After losing momentum over 2016 in the separate accounts space, exchange traded fund managed portfolios gained a greater following over the first quarter this year.
As of the end of the first quarter 2017, there were 950 ETF managed portfolio strategies from 169 firms with total assets of $99.7 billion, up 17.6% since the fourth quarter of 2016, according to Morningstar data.
A significant increase in assets – approximately $8.8 billion of the $14.9 billion quarter-over-quarter increase – was driven by the addition of new strategies, like Columbia, onto the Morningstar database, which suggests that more players are entering the separate accounts space with new ETF managed portfolio strategies.
Furthermore, the three largest ETF providers now occupy three of the five top spots in the ETF managed portfolio landscape. Vanguard, RiverFront, State Street and BlackRock added a collective $2.3 billion in assets to strategies that had been previously included in Morningstar’s database.
The largest ETF managed portfolios assets by firms as of the end of March 2017 include Windhaven Investment Managed $8.46 million, Vanguard Advisors $6.40 million, RiverFront Investment Group $5.83 million, State Street Global Advisors $5.54 million and BlackRock $5.01 million.

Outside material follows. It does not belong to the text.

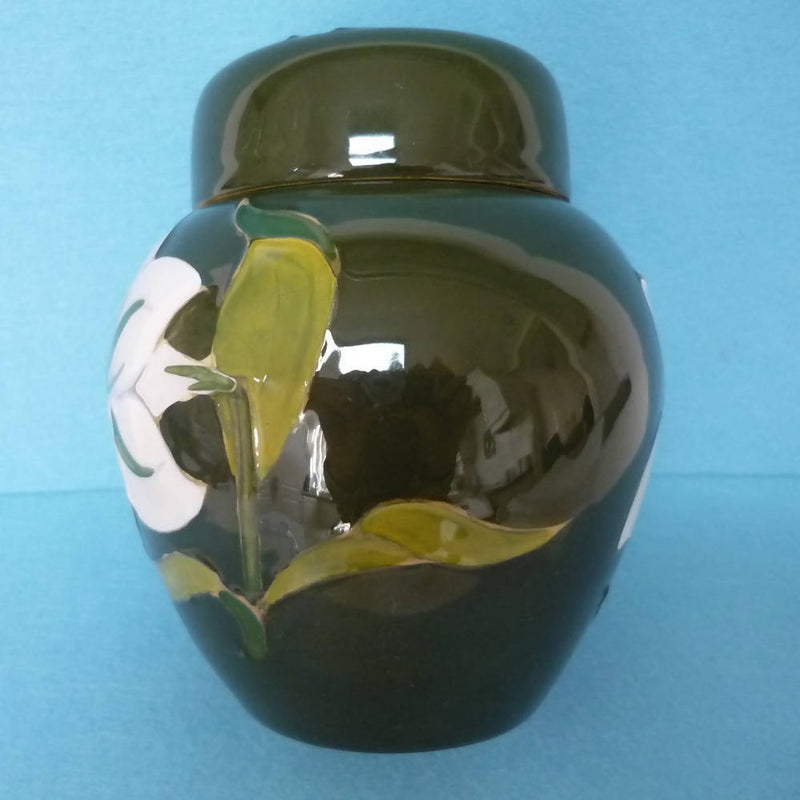 A Moorcroft Ginger Jar in the Bermuda Lily Pattern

Morningstar also found that seven of the 20 strategies with the largest quarter-over-quarter increase in assets were vanilla stock and bond strategic asset allocation portfolios, which reflects the ongoing shift of investor preferences that was initially spurred by the decline in high-flying tactical strategies.
Fueling demand for ETF managed portfolios, clients are actively asking multi-asset managers to increase ETF allocations in their portfolios. Managers are also expanding their investment base with ETFs to meet specific goals. More active managers are also adopting ETFs due to the many benefits of the investment vehicle, such as low fees, deep liquidity, tax efficiency and as replacements for futures and to access broad asset classes.
ETF managed portfolios are investment strategies that hold more than 50% of assets invested in ETFs and represented one of the fastest growing segments in the separate accounts space. Specifically, ETF managed portfolios offer three major investment themes: tactical, strategic and hybrid mix. The tactical offerings provide short-term plays to capitalize on investment opportunities that are forming, whereas the strategic play provides long-term allocation across sectors and asset classes. Additionally, the hybrid mix includes a combination of tactical and strategic elements.